The Iran war helped delay the summit, and it has spilled directly into the U.S.–China conversation. Instead of trade and security being distinct files, they are now bleeding into each other. Washington is trying to pressure Iran, warn China, reassure allies, and preserve its own credibility in Asia at the same time. That is a crowded strategy, and crowded strategies tend to become blunt.

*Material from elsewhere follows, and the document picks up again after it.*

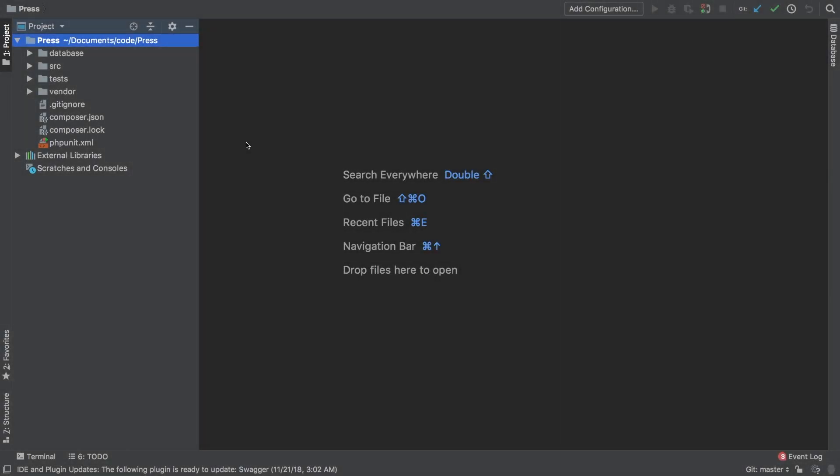Up until this point, we have been working on developing our package. In the next couple of lessons, I want to focus on hooking up our package to a local fresh Laravel installation that we can do some testing on.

What Beijing Will Understand
So when Trump sits across from Xi this month, the real asymmetry may not be visible in the headlines. It will be visible in what each man knows about the other’s room to maneuver. Trump still has power. He still has sanctions. He still has the ability to raise costs for China in targeted and painful ways. But he no longer arrives with quite the same aura of instant tariff escalation. Xi will understand that. He will know that Trump can still threaten but that some of those threats now carry legal limitations, and he will know that Beijing can encourage and influence that drag through domestic infighting.
This knowledge does not guarantee a Chinese advantage. It does mean Beijing walks into the summit with one less reason to flinch. And in diplomacy, that matters. A threat does not have to disappear to lose value. Sometimes it only has to slow down. The coming summit may still produce the usual declarations about stability and dialogue. But behind the smiles, both sides know the balance has shifted a little. America still has enormous economic power. It just has less freedom than before to wield it at presidential speed.
Views expressed in this article are the opinions of the author and do not necessarily reflect the views of The Epoch Times.